Qui qual è l’effetto e quale la risposta?
Notate: c’è un agricoltore paziente che semina e c’è un terreno che accoglie il seme. È chiaro che, se da un lato non può esserci alcuna semina senza un terreno “ben disposto”, dall’altro, la terra da sé non può produrre nulla se il contadino non vi getta il seme.
Fuor di metafora: Gesù può seminare la Parola solo se in me trova terreno, magari poco profondo, con qualche sasso e un cespuglio di rovi. Ciò che conta è innanzi tutto essere disposti ad ascoltarlo, prendere sul serio il suo annuncio di salvezza.
Ciò che verrà dopo naturalmente, come s’intuisce dalla parabola del seminatore che precede questa che stiamo leggendo, sembra dipendere dalla fecondità della terra, ossia dalla nostra disposizione a mettere in pratica la Parola ascoltata.

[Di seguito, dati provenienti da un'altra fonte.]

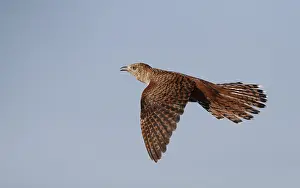 Blue Sky Bird Flight Drucke: Common Cuckoo, Cuculus canorus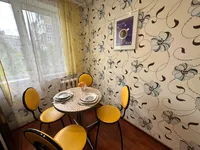 Миниатюра квартиры 17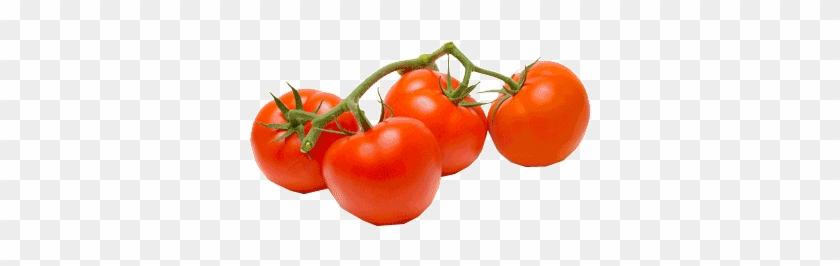Vine - Hanging Tomato Planter - Grow Your Own Tomatoes #1253463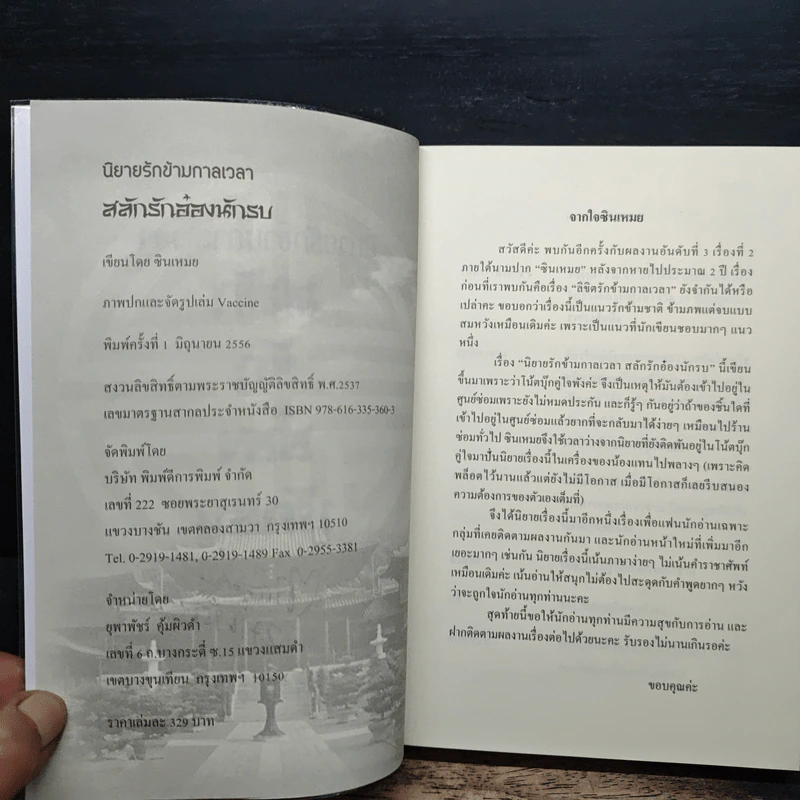 นิยายรักข้ามกาลเวลา สลักรักอ๋องนักรบ - ชินเหมย รูปที่ 6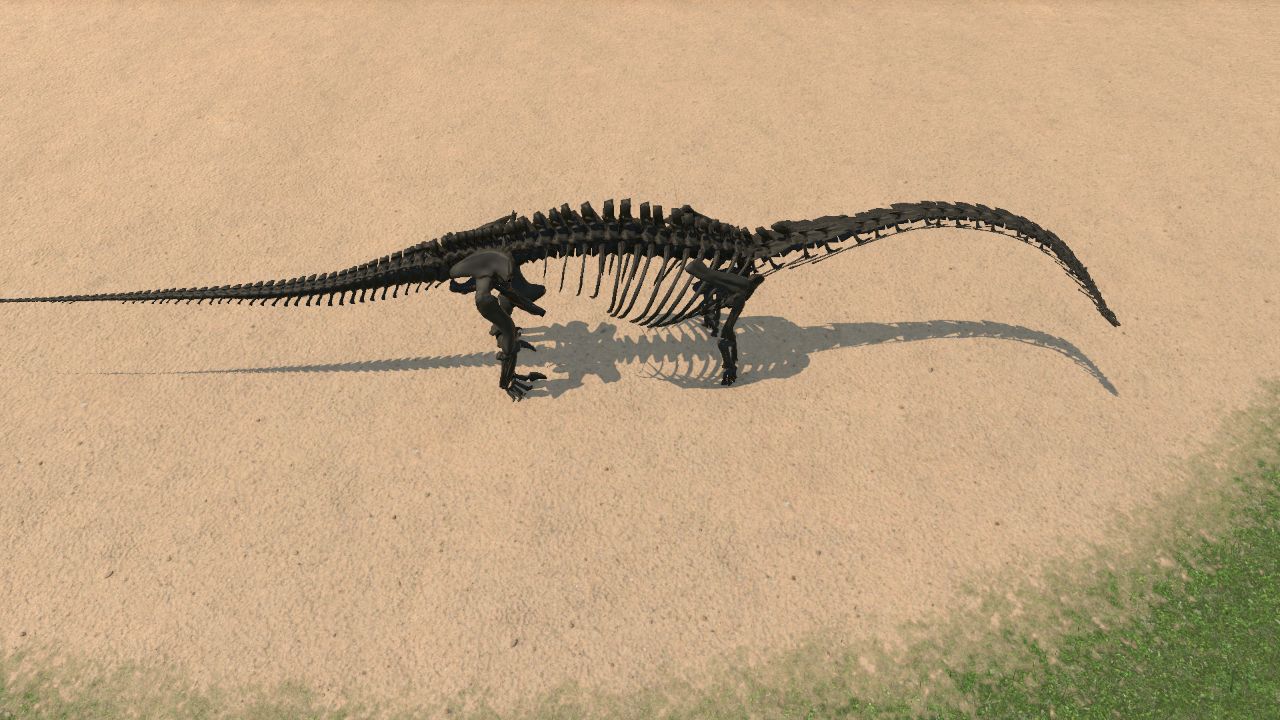 Diplodocus Skeleton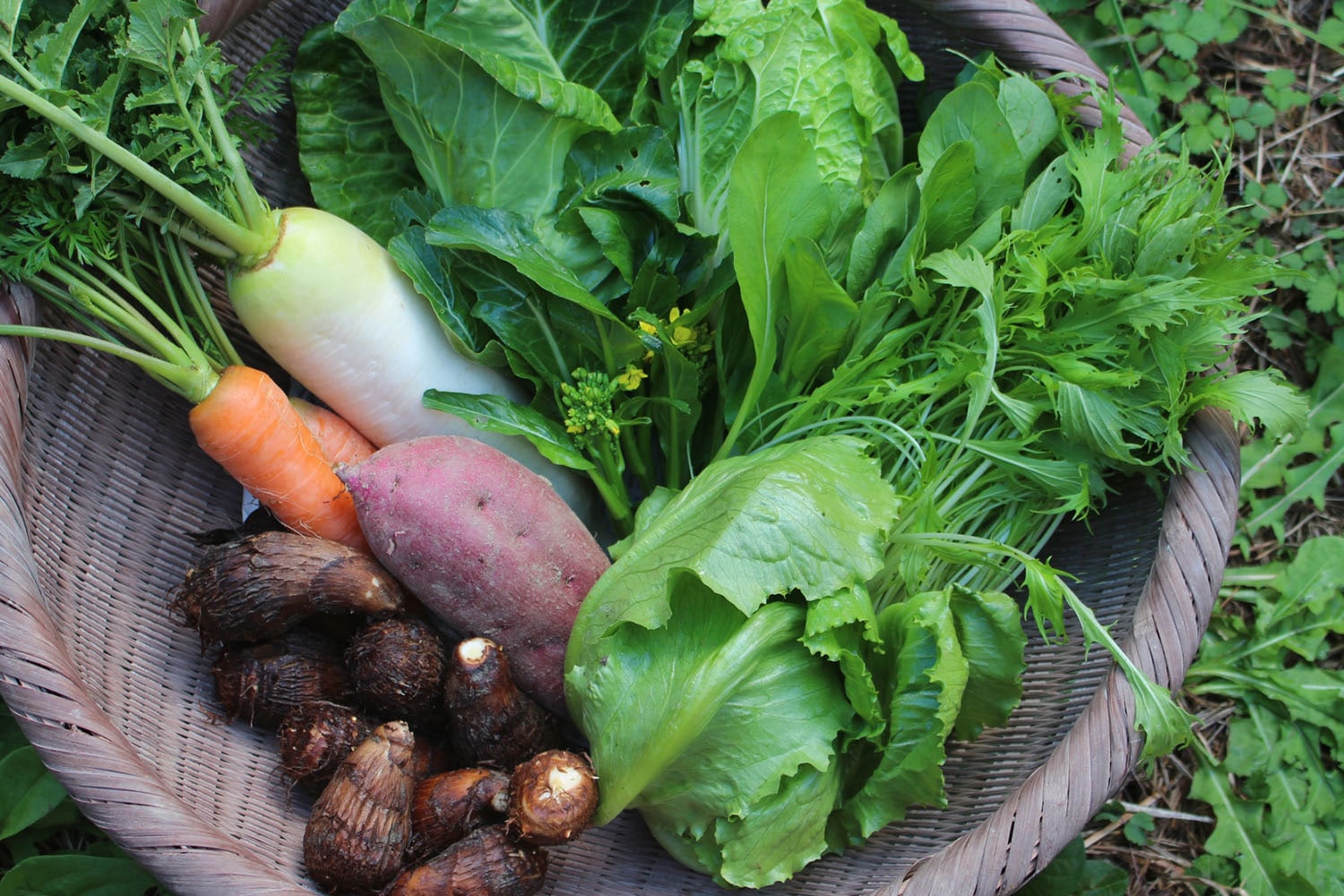 シャキッと長持ち「葉物野菜」の保存方法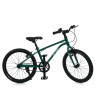 Велосипед детский LIGHTY MB 20LIGHTY RAIN FOREST, колеса 20 дюймов опт, дропшиппинг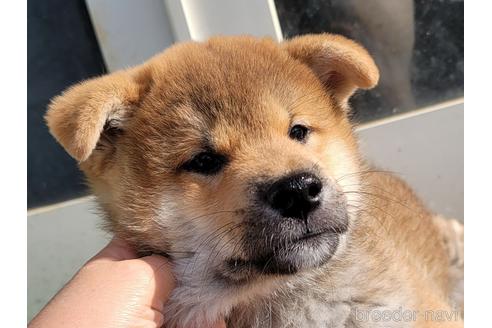 成約済の埼玉県の柴犬-155410の6枚目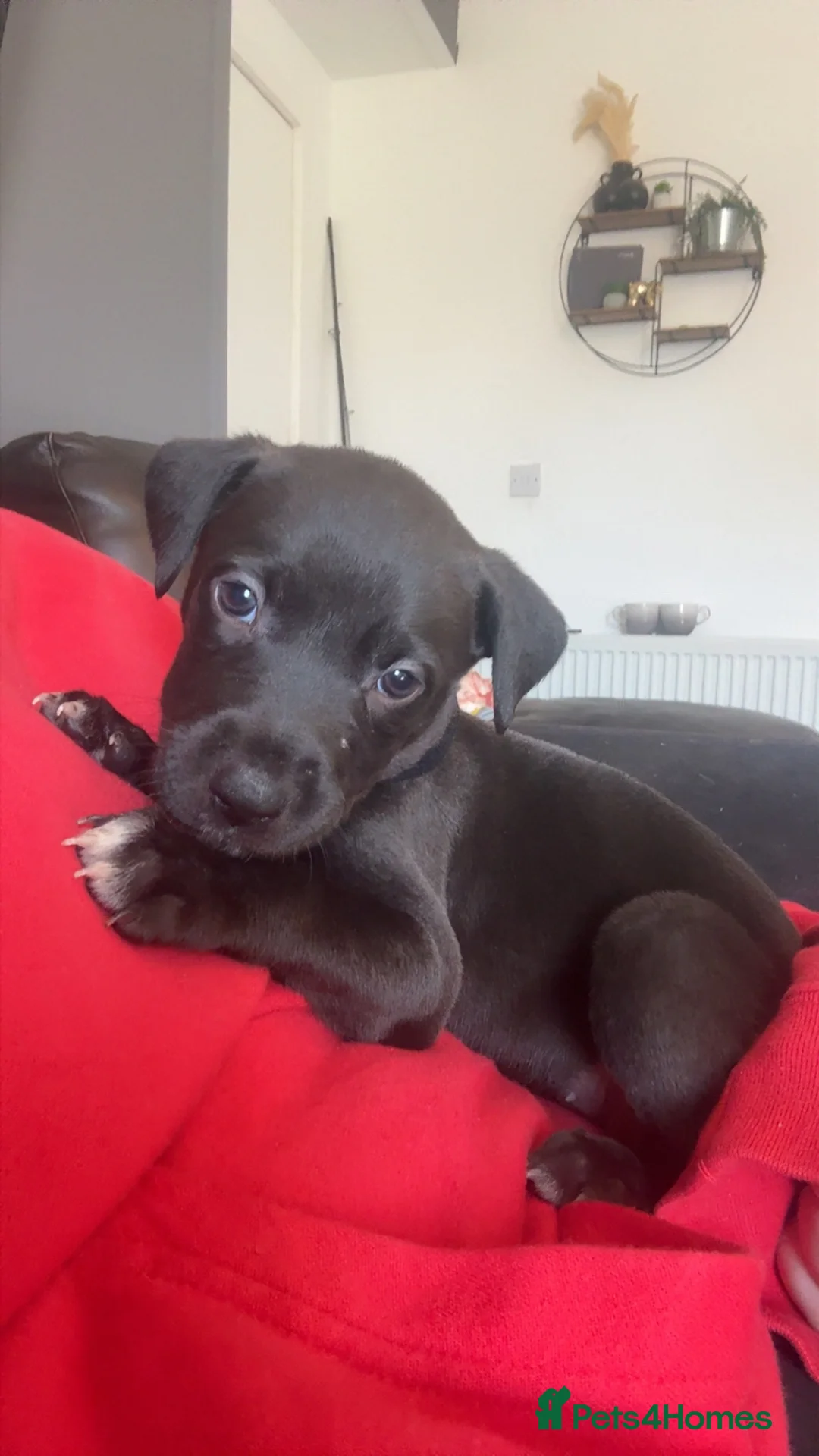 Lurcher dogs for sale: Bull cross lurcher pups  in Carluke - Advert 2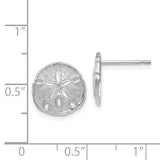 Boucles d'oreilles dollar des sables en or blanc 14 carats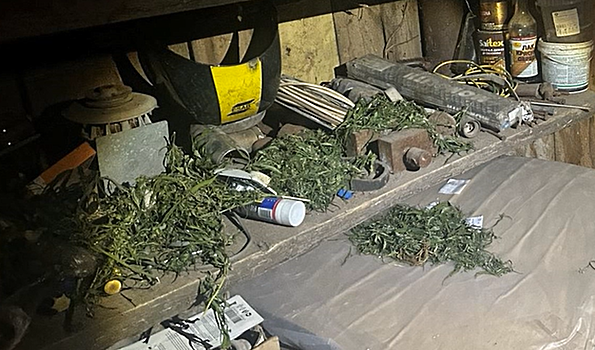 Житель Бугуруслана незаконно выращивал коноплю на своем участке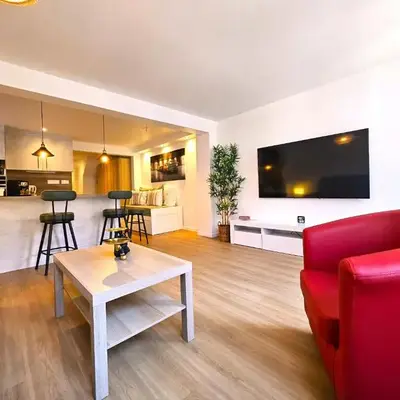 Magnifique T2-Chez François et Kamila - Centre historique- Parking privé 50m de l'appartement- balcon avec vue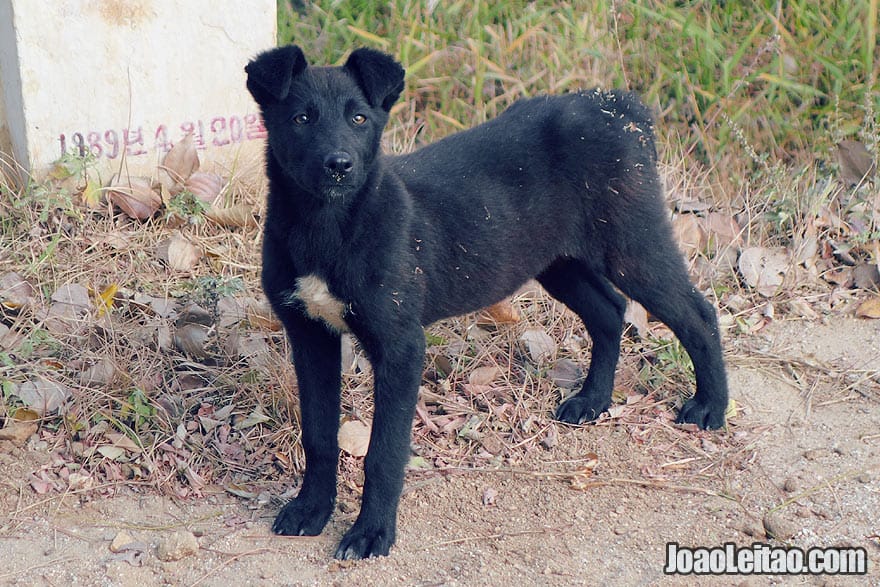 Although dog meat makes part of the national DPRK recipe book, there are many cute puppies around the country.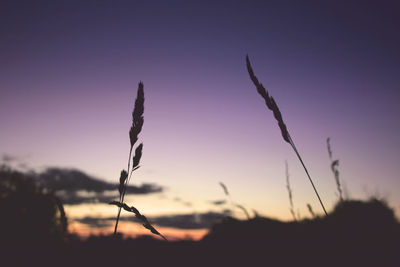 Close-up of silhouette plant on field against sky at sunset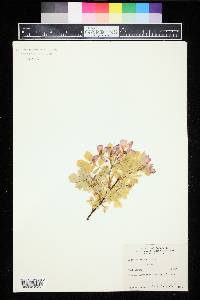 Rosa acicularis image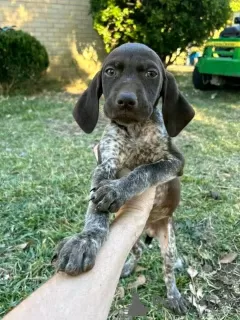 Photo №2 de l'annonce № 120853 de la vente chien d'arrêt allemand à poil long - acheter à Allemagne annonce privée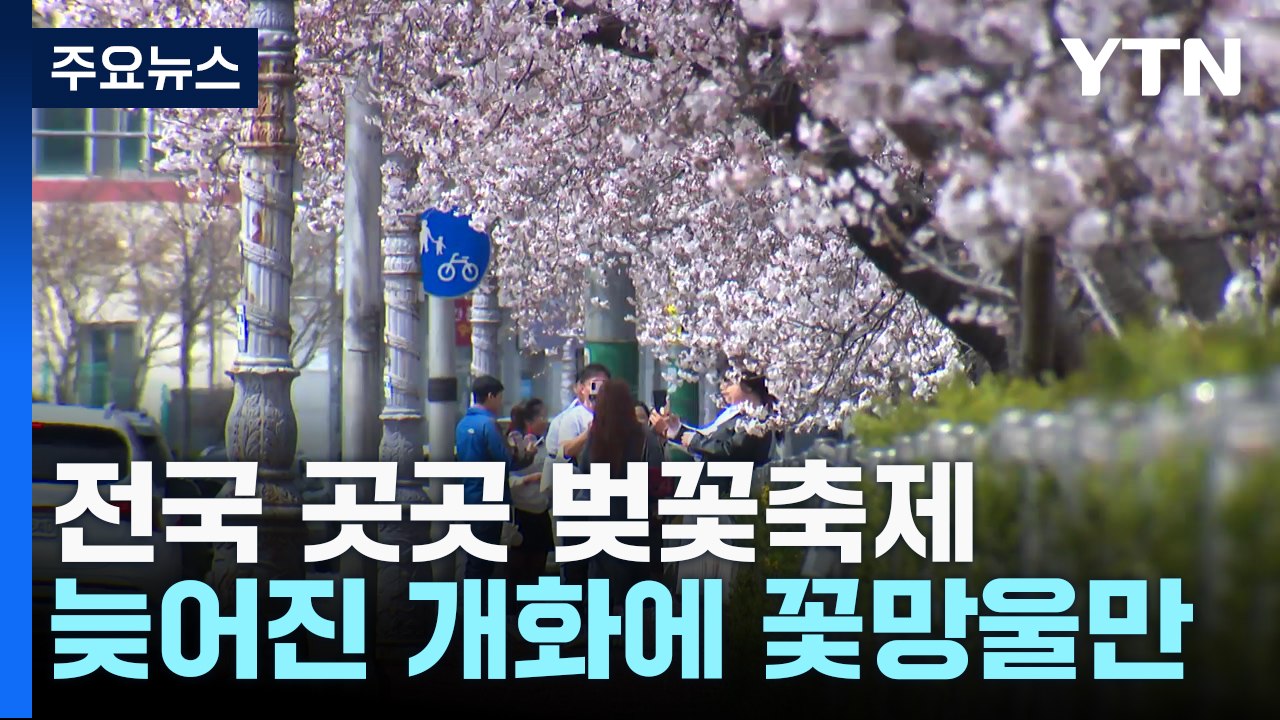 휴일 곳곳 벚꽃축제...아직은 활짝 피지 못한 꽃망울 / YTN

Perché allora Gesù si affretta a raccontarci un’altra parabola per dirci che questo seme, “di notte o di giorno, germoglia e cresce”? Cos’altro vuole dirci?
Ecco l’effetto di cui vi parlavo: poiché noi siamo ben consapevoli di essere terra non sempre e non del tutto feconda, intrappolati come siamo da spine e durezze che soffocano e intralciano la venuta del regno nella nostra vita, ecco che l’immagine di questo seme che germoglia e cresce in modo spontaneo, indipendentemente dalla terra che lo accoglie, ci annuncia e ci assicura il meraviglioso/miracoloso intervento di Dio che concede sempre il frutto.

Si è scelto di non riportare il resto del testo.